1. « Donnez-leur vous-mêmes à manger »

Marc 6,37

 

   Manger. Manger. Voilà une préoccupation qui ne quitte pas les êtres vivants. Il faut manger pour vivre, mais aussi manger ensemble pour se rencontrer, cultiver les amitiés, apprécier les douces saveurs de la terre. Pas étonnant que la Bible baigne dans les questions de nourriture. Elle se déploie depuis cette faute initiale, dans le jardin d’Éden, où Adam et Ève ont mangé ce qu’il ne fallait pas, jusqu’à cette excellente grillade de poissons, à la fin de l’évangile de Jean, partagée entre le Jésus ressuscité et ses disciples.
   Entre ceux qui mangent trop et ceux qui ne mangent pas assez, l’humanité ne parvient pas à résoudre ses problèmes. Les questions lancinantes de la faim et du partage de la nourriture ressortent de la Bible comme elles ressortent de notre monde contemporain.
   En témoigne cette fameuse multiplication des pains, racontée si souvent dans les évangiles : Jésus et ses disciples sont en face d’une foule affamée qui n’a rien mangé depuis trois jours et qui risque de défaillir à chaque instant. Cinq mille hommes, sans compter les femmes et les enfants. Ne sommes-nous pas en pleine actualité ? Les disciples ne veulent pas faire d’ingérence.
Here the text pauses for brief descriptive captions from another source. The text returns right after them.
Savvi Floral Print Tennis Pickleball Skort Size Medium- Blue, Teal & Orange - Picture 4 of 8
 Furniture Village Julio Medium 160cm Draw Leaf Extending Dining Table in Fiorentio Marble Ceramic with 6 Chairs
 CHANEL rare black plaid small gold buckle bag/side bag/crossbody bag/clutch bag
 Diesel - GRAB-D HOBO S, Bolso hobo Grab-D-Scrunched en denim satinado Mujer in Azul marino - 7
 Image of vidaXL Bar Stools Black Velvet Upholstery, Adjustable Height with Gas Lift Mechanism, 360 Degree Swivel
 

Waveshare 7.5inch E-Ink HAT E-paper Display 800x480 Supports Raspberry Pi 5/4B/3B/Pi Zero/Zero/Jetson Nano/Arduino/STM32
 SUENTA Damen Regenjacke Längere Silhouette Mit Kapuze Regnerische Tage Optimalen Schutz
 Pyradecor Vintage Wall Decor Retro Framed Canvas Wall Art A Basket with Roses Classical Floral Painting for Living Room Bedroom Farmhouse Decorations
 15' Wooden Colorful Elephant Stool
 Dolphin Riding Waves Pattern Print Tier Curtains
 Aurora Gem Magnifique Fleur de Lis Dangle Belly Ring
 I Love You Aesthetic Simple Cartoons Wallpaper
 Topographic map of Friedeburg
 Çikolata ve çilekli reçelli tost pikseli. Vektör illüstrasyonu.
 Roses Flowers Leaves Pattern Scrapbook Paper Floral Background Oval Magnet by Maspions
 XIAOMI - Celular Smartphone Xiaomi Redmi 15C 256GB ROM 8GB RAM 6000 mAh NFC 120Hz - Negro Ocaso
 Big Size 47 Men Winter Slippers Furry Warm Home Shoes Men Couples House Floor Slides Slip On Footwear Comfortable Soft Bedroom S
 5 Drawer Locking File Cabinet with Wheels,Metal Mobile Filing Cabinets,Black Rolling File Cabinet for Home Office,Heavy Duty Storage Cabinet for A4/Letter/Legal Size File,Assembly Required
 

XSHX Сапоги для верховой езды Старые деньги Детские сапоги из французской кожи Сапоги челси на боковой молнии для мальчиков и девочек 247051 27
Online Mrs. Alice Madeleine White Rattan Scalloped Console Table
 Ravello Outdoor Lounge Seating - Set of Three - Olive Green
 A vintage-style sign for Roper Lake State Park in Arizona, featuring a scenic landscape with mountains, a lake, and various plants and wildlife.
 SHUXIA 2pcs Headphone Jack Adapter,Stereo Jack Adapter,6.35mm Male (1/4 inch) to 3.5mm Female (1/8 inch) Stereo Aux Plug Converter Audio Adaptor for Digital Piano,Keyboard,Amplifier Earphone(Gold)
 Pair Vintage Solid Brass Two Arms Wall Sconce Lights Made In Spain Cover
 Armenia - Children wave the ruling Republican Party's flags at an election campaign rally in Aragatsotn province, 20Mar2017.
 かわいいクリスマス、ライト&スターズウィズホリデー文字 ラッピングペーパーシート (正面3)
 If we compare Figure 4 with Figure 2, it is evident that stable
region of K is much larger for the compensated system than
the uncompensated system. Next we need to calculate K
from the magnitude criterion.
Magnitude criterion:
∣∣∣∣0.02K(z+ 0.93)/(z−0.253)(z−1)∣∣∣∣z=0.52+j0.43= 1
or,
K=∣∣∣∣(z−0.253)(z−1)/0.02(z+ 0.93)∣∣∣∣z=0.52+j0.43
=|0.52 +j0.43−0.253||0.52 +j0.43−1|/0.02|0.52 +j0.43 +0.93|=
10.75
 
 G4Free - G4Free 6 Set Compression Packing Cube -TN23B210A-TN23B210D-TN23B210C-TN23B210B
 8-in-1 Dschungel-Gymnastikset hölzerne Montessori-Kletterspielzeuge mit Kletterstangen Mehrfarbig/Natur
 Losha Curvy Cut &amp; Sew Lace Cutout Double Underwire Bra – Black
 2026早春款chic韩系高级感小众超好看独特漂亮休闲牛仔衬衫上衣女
Ils ne sont pas là pour s’occuper de ces besoins élémentaires : « Que ces braves gens aillent donc dans les villages, s’acheter de quoi manger ; qu’ils se débrouillent ; nous avons tout juste assez pour nous-mêmes », disent-ils, en substance, à Jésus.
   Mais Jésus tranche avec autorité : « Donnez-leur vous-mêmes à manger. » Sous-entendu : « Vous craignez de ne pas pouvoir les nourrir, mais vos ressources vous permettent de partager davantage que ce que vous pensez. » Les disciples s’inclinent, le Maître a dit. Il a dit que son enseignement et tous les beaux discours qui s’en suivent sont vains si d’abord les disciples ne donnent pas à manger aux foules qui ont faim.
   Et il resta 12 corbeilles pleines, une pour chaque disciple. Ils ramenèrent à la maison plus que ce qu’ils ne voulaient pas donner.